2014, Archives, December 2014, The MFA Years

Looking Over My Shoulder: Ars Poetica

The intersection between my personal and professional goals has long since been marked by the presence of a notepad and pencil nub tucked away in an overall pocket. I grew up on a farm as the youngest child and the only boy (in a family full of wonderful women and a few lucky, leathery old men). All of these folks encouraged me to read and write voraciously. “Bedtime” really meant “spelling-bee-with-the-sisters-on-our-shared-bunk-beds.” My father would pick words from the few books on dragons, cowboys, astronauts, etc. we had until a sister would request something “more age appropriate” to up the ante. From a very early age, I didn’t mind that we lacked cable television, because we did have a VHS player and a few tapes. I can still recite the Clueless script by heart.

When I wasn’t reading or partaking in bedtime spelling bees, I was working. I would stop the tractor at the end of a row, fish out my writing tackle, and scribble down everything that had happened to me on any particular day. After hearing so many yarns spun by farmhands, my father, and sisters about the mountain lion that lived on Hayberry Corner and fed on chickens (or boys) who wandered into his coop… the head of cattle we’d lost to a mysterious hole in the fence I always mended… or how my grandpa had once lost a finger in the wood chipper only to reappear on his supper plate beside a heaping pile of potato salad… I began writing simple little ditties for sanity’s sake. It wasn’t until I grew into one of the folks who perpetrated these yarns and spun my own that I found out I didn’t much care for being frightened. Actually, I was always rather poor at lying, in all honesty. Tall or not, a tale is a tale. When I began writing poems and personal essays in high school, only then did I realize I, too, could grapple with reality and make it my own on the page. And, even though I couldn’t spin like a top, life seemed all too complicated to need my clumsy hand trying to make it go-round any faster.

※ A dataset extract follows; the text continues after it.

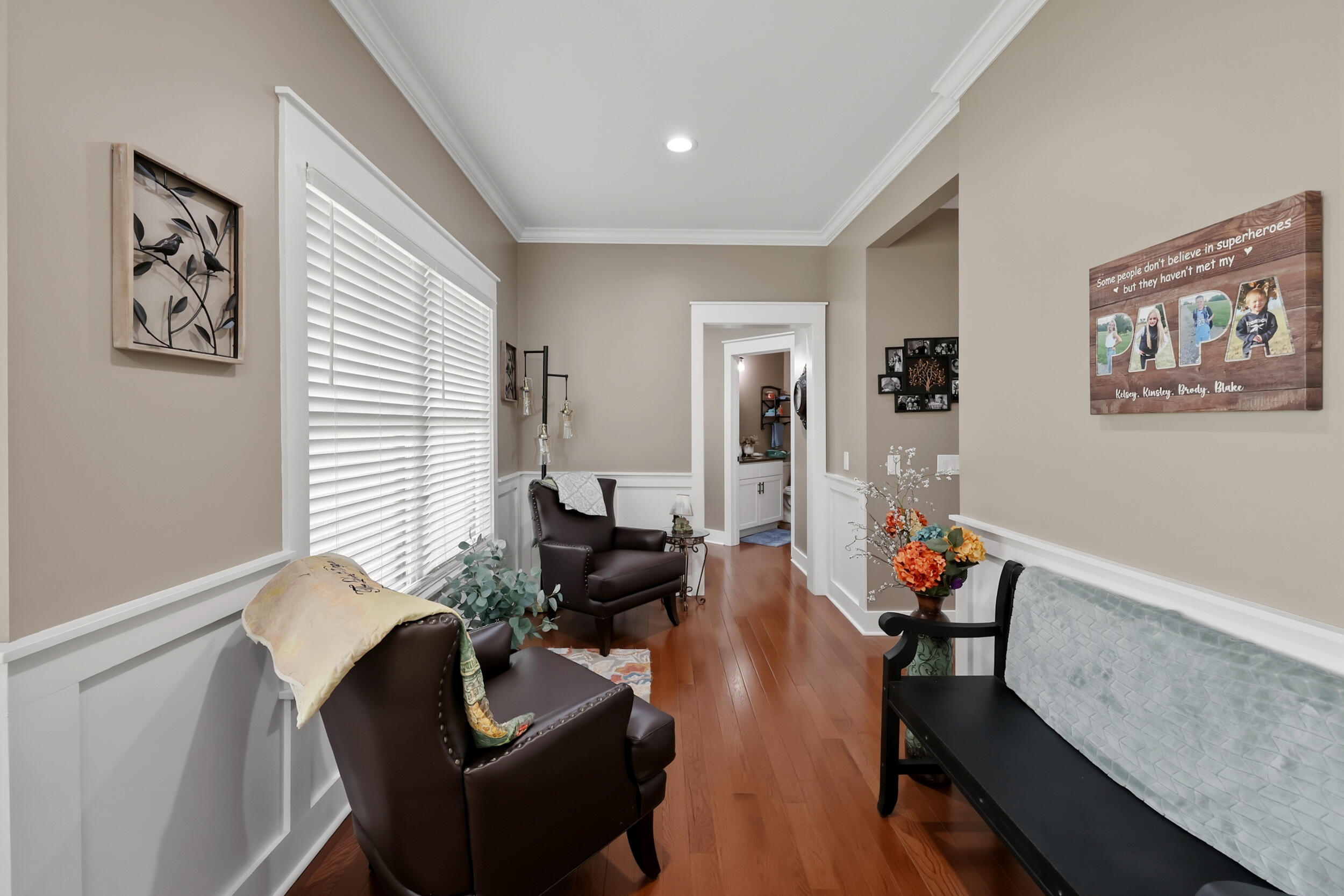 2180 Big Stoner Road Property Photo 7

I write because I have grown to demand a sense of what is true, what is false, and who gets a say for the ambiguous gray matter between the two. I push against this gray matter constantly. This matter is the mortar holding together whatever it is poets and writers would like to build. Though history has proven that a cylindrical silo is best suited for the storage of fresh fodder, it is up to the writer to construct. The silo could be as wide as a Turtle Bay sunset, more crooked than my grandpa’s spine, or as ugly as my grandma’s Bingo visor. Even if the silo buckles at the knees, a writer’s only term to uphold is the one that somehow makes the silo serve its purpose.

Lately, for a nonfiction workshop, I have been researching the realm of what most bookstores refer to as “environmental writing” within the scope of personal essay—in an attempt to further comprehend the minutiae I am most interested in incorporating into my own work. I am moving from macro to micro in my reading and writing as I identify the various subgenres/definitions of “environmental writing” in the personal essay by studying narrative theory and arc (including diction to create a sense of “place”), how and when to discuss eco-politics within a particular piece, the methods of craft that either aid or hinder the writing, how the writer negotiates differences (physical, mental, sensorial, environmental, etc.) between different eras of time and literary trends, and so forth. (I believe it is imperative for any writer to study the works and craft of their predecessors so they may contribute positively to the present dialogue and body of work.) I look for personal wonders through environmental dialogue, and observe the craft; though, it is my job to dissect what they’re doing, reasons why, and how it functions. My goal is to create and contribute to this collective consciousness. Together, we can negotiate the gray matter. Hopefully, the works I am reading and my fellow classmates can help me build the better silo. In my mind, this process is a poet’s Ars Poetica.

I admire works in which the relationship between Man and the natural world are being negotiated, with evidence of traditional and modern forms being both understood and utilized. I researched my family’s agricultural roots and published a scientific report revealing the causes of The Dust Bowl and how our family has used both literature and scientific analysis to better the land, the crop, and the people. I am very much tied to my own “place” and continue searching for the elements that define and connect landscape with language. Though I did not grow up in any one place, writers like Barry Lopez, Rick Bass and Scott Russell Sanders (A.E.) have dedicated much of their writing lives to exploring and tying down what it means to call a place “home.”

As I’ve said before, my family is comprised of farmers and professors. Many of them do both. Initially, my late, great-uncle taught folks how to fly in his crop-duster as a means of earning enough money to buy and plant the crop for the following season. These pilots then offered to dust his fields. Even though Dr. Gillan had their help on occasion, he opted to do it himself because he found solace in the air. He wrote poetry and prose about flying. He dreamt of flying. I, too, am in the family business. We catch and release. The process is the destination.

Like a spider, my own hunger drives me to foreign places. I return with another piece of thread. Again and again I do this, until I have built a web with all the gathered gray matter, capable of catching… Regardless of the prey, the catch I am after is not really a catch at all. I’m chasing a hunger. This hunger, I cannot appease alone.